Après l’ouverture de Radamisto, la soprano hongroise entre sur scène pour chanter “L’aure che spira” de Giulio Cesare. Tout de suite féroce, elle entame son aria, emportée dans la vivacité de la musique. La voix est riche, profitant d’un timbre doté d’une large palette parfois bien sombre, d’aigus amples et nuancés avec un léger vibrato. Le chant est souple et profond, bien que manquant, de temps à autre, d’une certaine clarté dans l’articulation due à la rapidité de l'enchaînement des notes, ce qui n’empêche pas une fluidité et une aisance appréciables. À la fougue s’enchaîne la douleur de la plainte, notamment avec Alcina, vibrante et saisissante. L’émotion est bel et bien présente, tout en restant maintenue dans la finesse et la précision du baroque touchant certains spectateurs jusqu’aux larmes tout du long, et la soprano maintient toute la salle en suspens, alors qu’elle achève Deidamia.
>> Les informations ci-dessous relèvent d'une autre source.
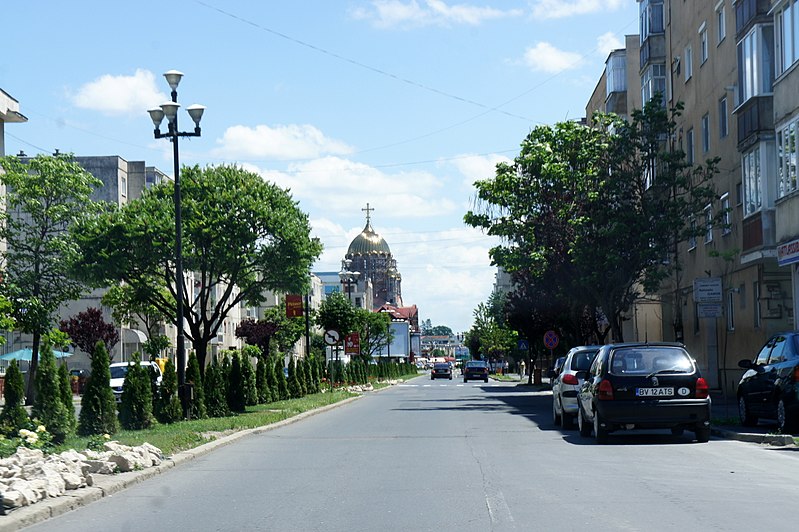 File:Făgăraş, catedrala nouă1.JPG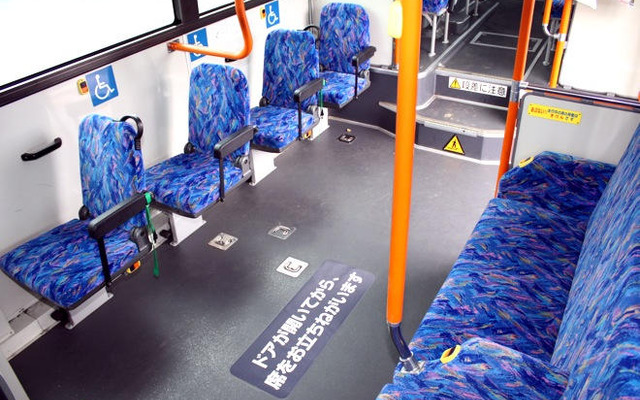 バス車内事故防止のため、床にステッカー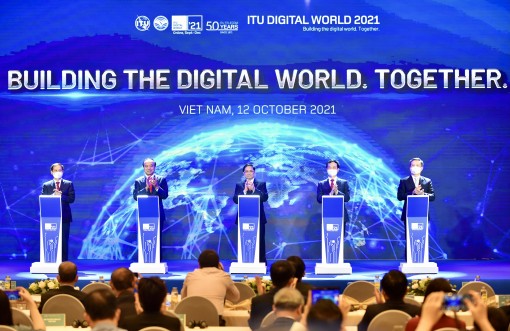 Thủ tướng Chính phủ dự Hội nghị và Triển lãm Thế giới số 2021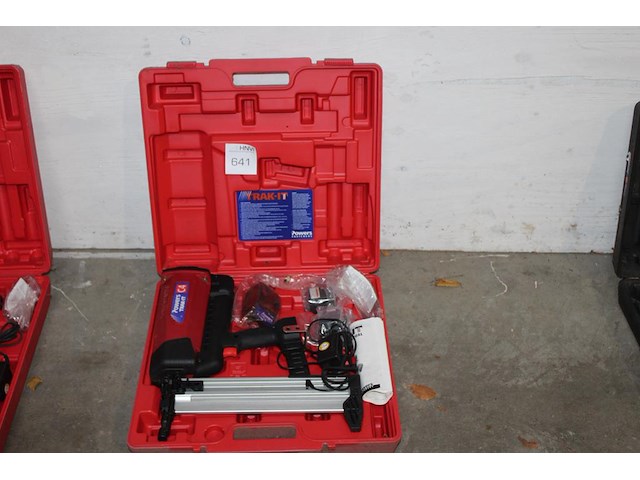 Accutacker powers trak-it c4 met accu en lader in koffer. - afbeelding 1 van  2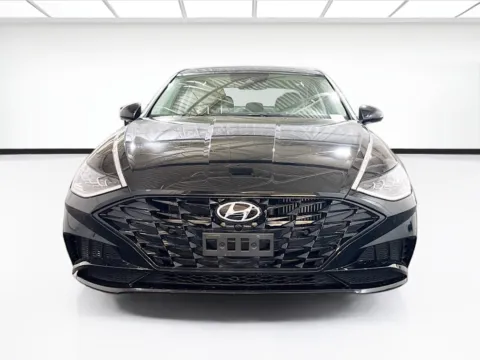 Photos of 2022 Hyundai Sonata Limited for sale in Chandler, AZ at STG Chandler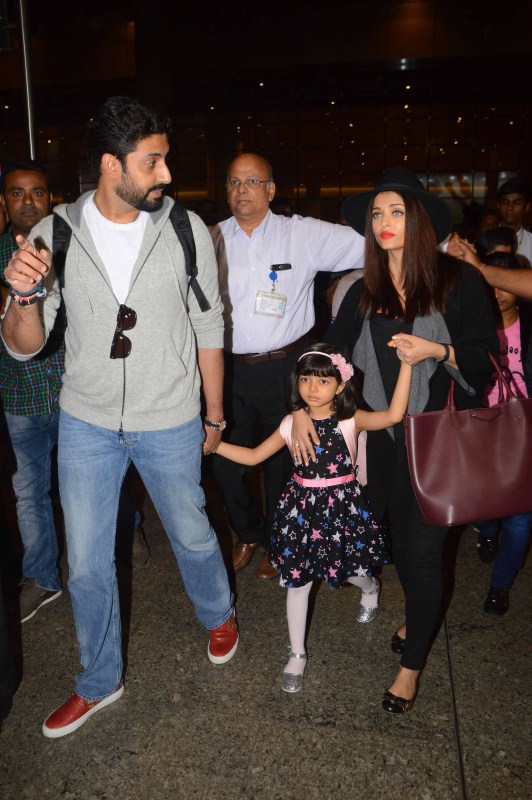 Bollywood actor Abhishek Bachchan, Aishwarya Rai and Aaradhya back home after New Year Celebrations. Abhishek Bachchan,Aishwarya Rai,Aaradhya bachchan,Aaradhya,Aishwarya Rai Bachchan,New Year Celebrations,actor Abhishek Bachchan,actress Aishwarya Rai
À ses côtés, Philippe Jaroussky dirige l’Ensemble Artaserse avec une vigueur et un enthousiasme débordant, conférant à l’orchestre une énergie folle pour rendre l’éclat de la musique de Haendel, sans pour autant se défaire de la finesse de l’ensemble et y insérant même une délicatesse charmante, et élégante (notamment dans les Concerto grosso op. 3 et 6). Le plaisir de revêtir le costume du chef d’orchestre, nouveau rôle entamé maintenant depuis près d’un an, est toujours aussi visible.
Il retrouve cependant sa voix pour chanter les duos de Rodelinda et Giulio Cesare avec Emőke Baráth, offrant au public le plaisir d’un chant toujours aussi clair, agile et se mêlant harmonieusement à la voix de la soprano, jusqu’à parfois n’en faire plus qu’une. Les deux chanteurs achèvent ainsi le concert sous une liesse d’applaudissements. Emőke Baráth, émue au possible, salue le public et manifeste toute sa joie en s’exclamant combien elle est « heureuse d’être ici, avec vous ».
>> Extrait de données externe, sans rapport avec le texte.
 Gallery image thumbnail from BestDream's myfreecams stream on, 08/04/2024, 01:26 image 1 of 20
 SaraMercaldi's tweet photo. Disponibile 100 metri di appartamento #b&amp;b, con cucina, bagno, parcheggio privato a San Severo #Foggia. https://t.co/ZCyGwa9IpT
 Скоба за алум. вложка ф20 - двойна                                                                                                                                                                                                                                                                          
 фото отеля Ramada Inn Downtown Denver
Enfin, la soprano reprend le rôle de soliste principale pour le bis et Philippe Jaroussky retourne à la direction, dédiant notamment cet air d’Amadigi di Gaula (“Ah! spietato! e non ti move”) « à ceux qui, en ce moment, vivent des temps difficiles ». Enfin, le concert s’achève sous un dernier tonnerre d’applaudissements, de bravi et même d’exclamations retentissantes en hongrois lancées depuis le public.